Mel Carney (Jos Vantyler) and Ensemble cr Simon Annand

Mel Carney (Jos Vantyler) and Ensemble. Photograph: Simon Annand

“Hope, that’s what I’m promoting,” winks Jos Vantyler’s show-stopping Mel Carson, pedlar of dreams and questionable morals, as he throws open the doors to one of the notorious dance marathons that caught on in 1930s America.

No skills required, the competitions were simply an endurance test for down-at-heel American couples to win money by dancing until they were the last pair standing. In Barry Kyle’s production of Roy Hutchinson’s Dead On Her Feet at the Arcola this month, we follow three couples dancing for their lives in front of a braying audience.

Set in the dead-end former steel manufacturing town of Pulaski in the nadir of the Great Depression, the play is ostensibly about the crumpling of the American Dream. If, at times, the script sometimes labours the point a little, it is deftly handled by the cast, who are uniformly excellent.

Vantyler gives a tightly controlled performance, flipping from slick-talking promoter to hysterical puppeteer exploiting suffering for entertainment. Kelly Gibson’s “dead-eyed” Bonnie also holds the room, firing off sharp one-liners and many of the quick-witted script’s dark jokes. “I ain’t going to pretend I been dreaming of this place all my life,” she says, refusing to play up to the media circus.

Eschewing the evocative jazz soundtrack of the 1930s, the play’s invasive contemporary dance soundtrack provides an intense background to the relentless movement on stage and is curiously well-suited to the Arcola’s brutal staging, with exposed iron pillars and open brickwork.

The cast are an exhausting blur of dancing and sprinting in the second half, while Mel’s reluctant assistant McDade, played by Ben Whybrow, polices the contest in return for bed and three square meals.
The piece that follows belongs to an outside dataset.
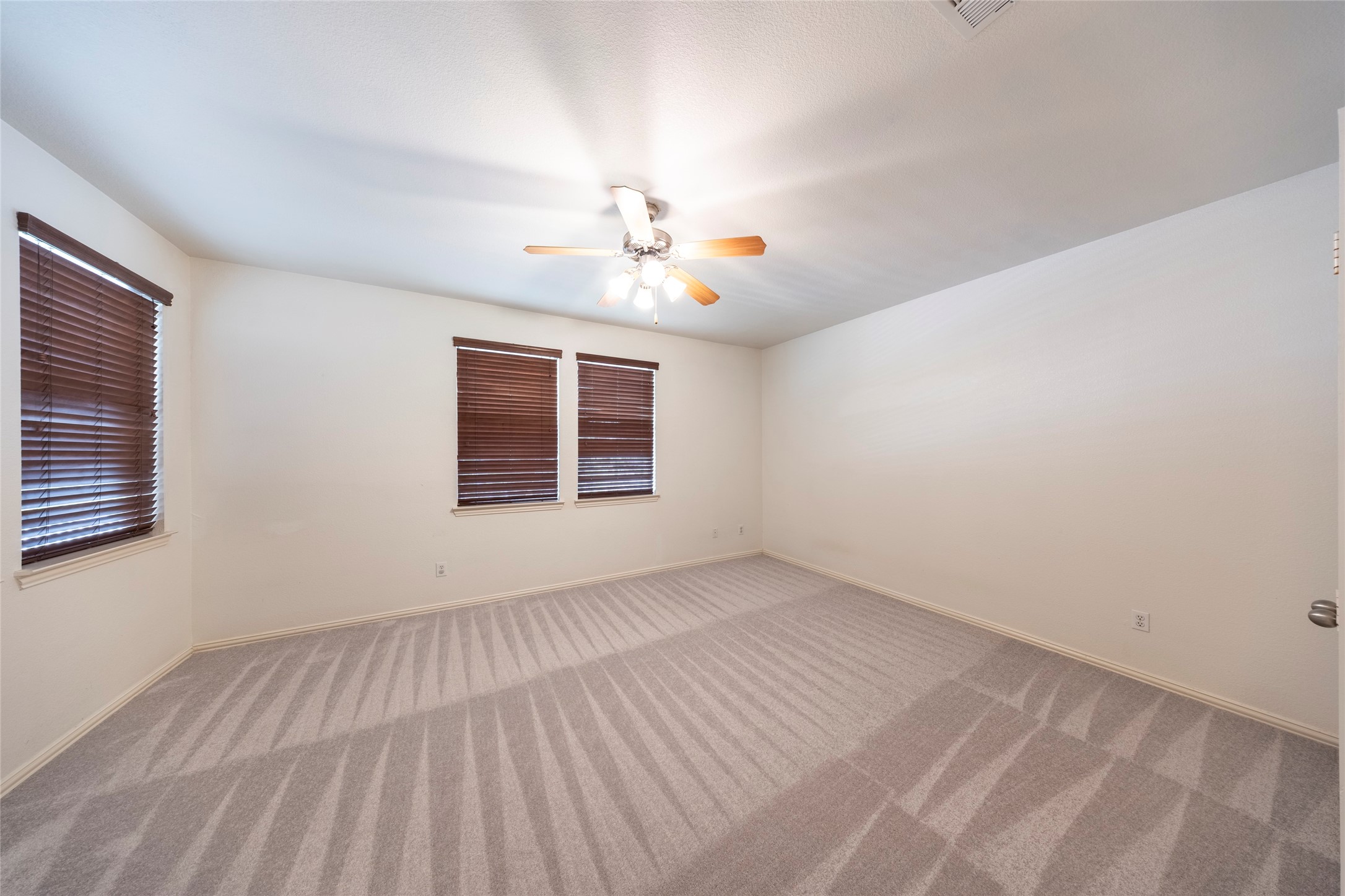 1401 Stone Mountain Parkway Savannah TX 76227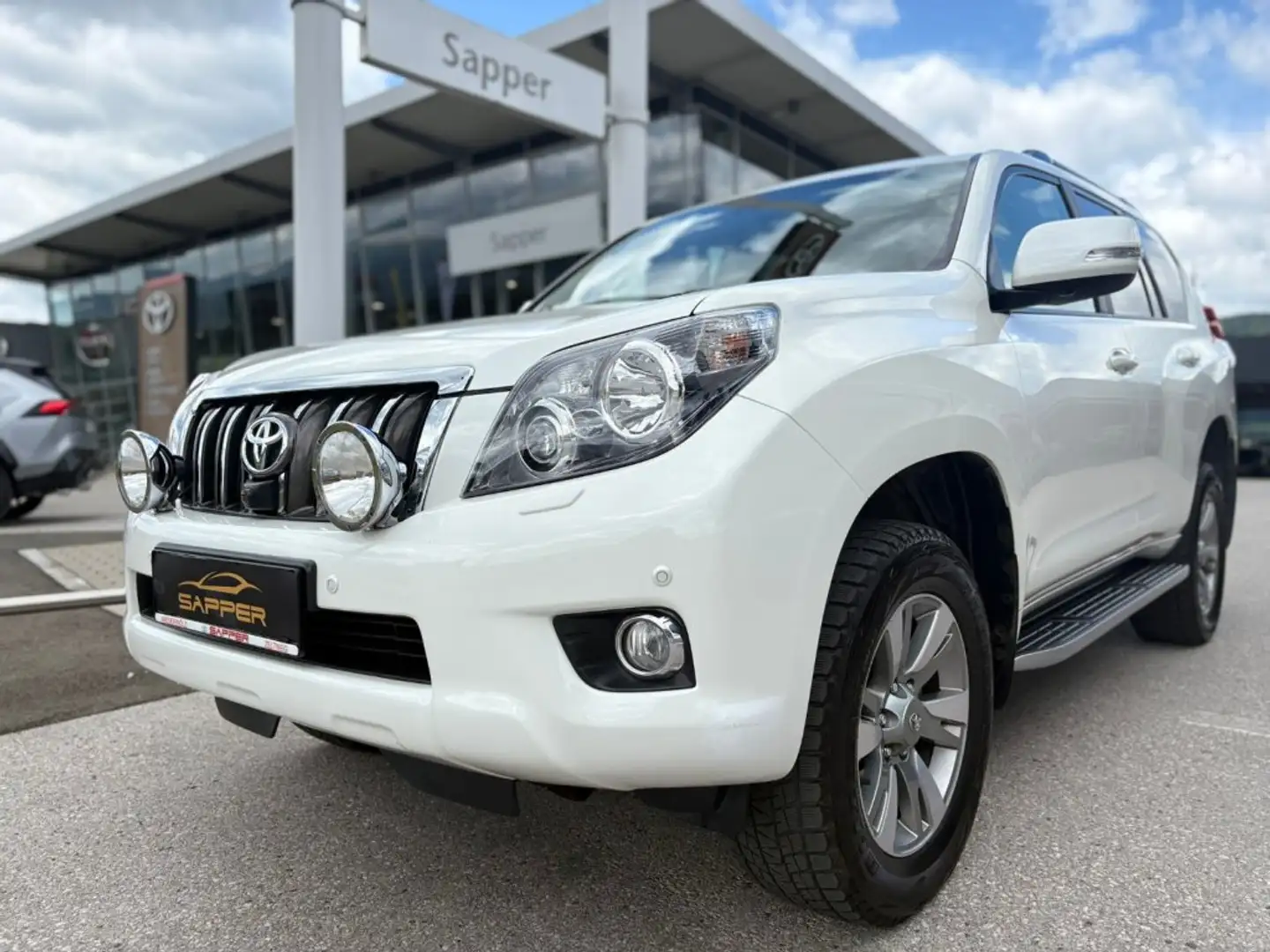 Toyota Land Cruiser Landcruiser 300 3,0 D-4D 175 Premium Aut. Blanco - 2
Whybrow’s brooding onlooker raises a central theme in the play, struggling with his moral objections to the contest, but becoming corrupted by his own need for food and shelter.

The play’s themes of unemployment and desperation find a neat parallel with the narrative of the current recession in our own media, and it is not difficult to join the dots between the competition and our own entertainment industry, a week after the X Factor spent two hours of our Sunday evening broadcasting unsuccessful applicants being sent home in tears.